Remarks of FASB Member Susan M. Cosper
PCC Town Hall
Las Vegas, Nevada
June 11, 2019

Welcome to the Private Company Council Town Hall. Today’s event is one of several Town Halls hosted by the FASB and the Private Company Council—or PCC—at locations around the country. They give us the chance to share information about new accounting standards, answer your questions, and hear your views.

This will be my first Town Hall as a member of the FASB. Before I joined the Board last month, I spent eight years as the FASB’s technical director.  My time in that role coincided—give or take a year—with the formation of the PCC.

As technical director, I got to know and work closely with PCC members—past and present—as well as its predecessor organization, the Private Company Financial Reporting Committee. Some of those PCC members are in this room today, including current PCC Chair Candy Wright.

It’s never easy to get a new group off the ground. Especially one tasked to make accounting standards more understandable—for private companies or anyone else, for that matter.

But PCC members did it. They built a culture that transcends any individual member. A culture committed to high-quality financial reporting. A culture based on collaboration among members and with the Board.

So when I was offered the role of PCC liaison for the FASB, I was honored to accept it. I welcomed the opportunity serve you in this capacity.

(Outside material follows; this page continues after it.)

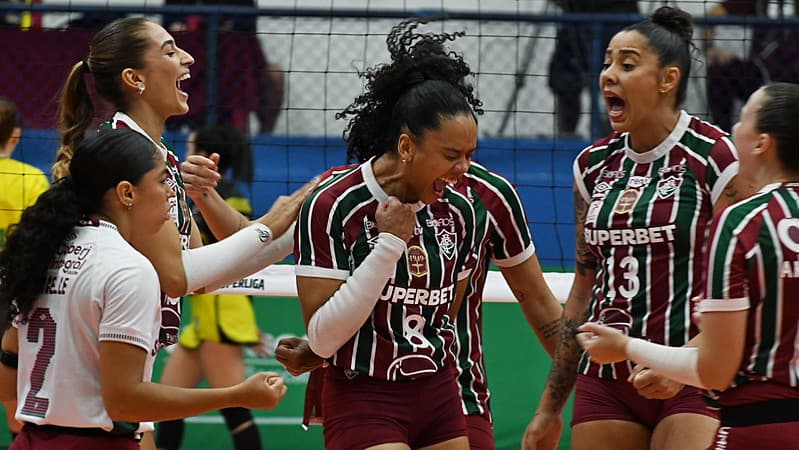 Jogadoras do Fluminense comemoram ponto na Superliga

For me, it feels like a homecoming. Growing up in a household with a family business, I saw firsthand the amount of hard work and perseverance it takes to make a small business successful— especially when resources are limited.  It instilled in me an appreciation for problem solving and numbers, which sparked my interest in accounting.

My first job out of college—other than working for my Dad—was with an accounting firm in Pittsburgh. My clients included small and privately owned companies, community banks, not-for-profits, and small and large public companies.  The experience required me to see accounting issues through different perspectives—and taught me the importance of being able to serve all stakeholders, not just some.

It’s a lesson the PCC helped impart to the Board—one that fueled the FASB’s own “cultural evolution.”

Before the PCC, the FASB operated on the premise that stakeholders were the same. And a solution, for the most part, was a “one size fits all.”

We all know this is not the case.  But our prior reluctance to accept differences made us resist alternatives that would improve financial reporting for those who use private company financial statements.

In the FASB’s defense, our objective was—and still is—to develop the most comparable standards possible—across industries, organizations, and even nations.

But in reality, differences do exist. And to develop the best standards possible for all of our stakeholders, we had to come to terms with the fact that, for some of our stakeholders, the solution may be in search of a problem that does not exist.  We also learned from the PCC that reducing cost and complexity, and promoting simplification, is a “win”—not just for private company stakeholders, but for all of our stakeholders.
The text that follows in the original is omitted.